Just by changing where we run it, we could emit only 12% of the emissions than when we were in the less green data centre .

Is it worth the energy?

We have gone through just how much energy and emissions these LLMs are using, the next question is naturally, are they bringing enough value to validate these emissions?

When answering, we need to look at the scope of impact that these LLMs are having. Using these could help optimise various industries such as logistics companies by making shipments more efficient or reduce computational processes by creating more efficient code. The value is high and the impact of reducing emissions (if used in this way) could be enormous.

Conclusion

The use cases for large language models are various and they have impacted the world (for the better? Still to be determined.)

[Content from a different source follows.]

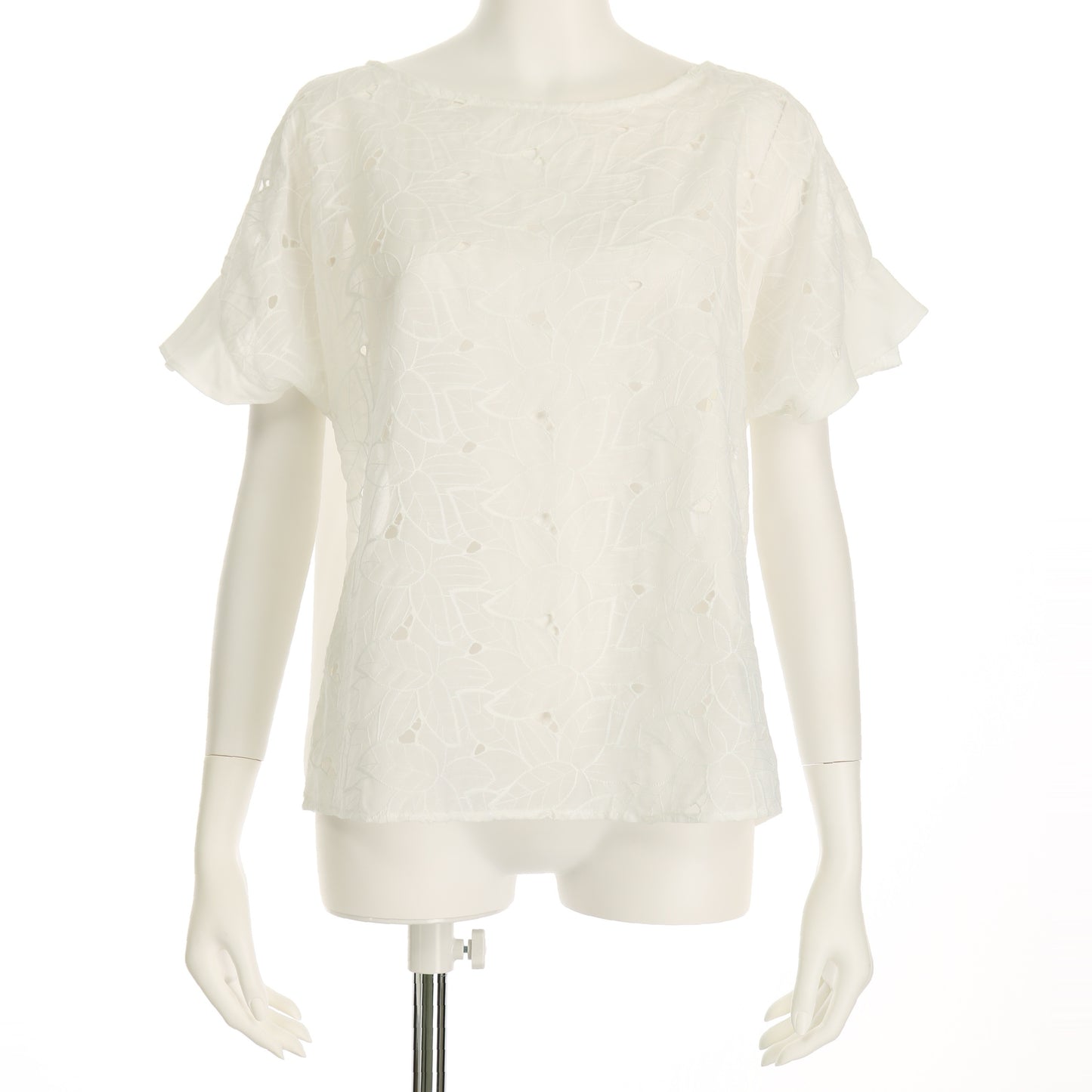 フラワー刺繍フリルブラウス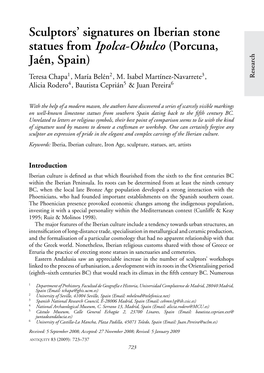 Sculptors' Signatures on Iberian Stone Statues from Ipolca-Obulco (Porcuna, Jaén, Spain)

If you are thinking of using LLMs in your company or for your workflows, try to not just use the biggest and baddest model just for the sake of it. Start looking at smaller models that could still serve your purpose well. When training and running models, make use of cleaner regions. While this might not be viable for ChatGPT as there are limitations on the amount of GPUs in each region, it is a great start for companies looking to start utilising greener data centres and putting pressure on providers to make their data centres greener. Lastly, be cognisant of using open-source models like LLaMa as a base to reduce the amount of training that you need to perform.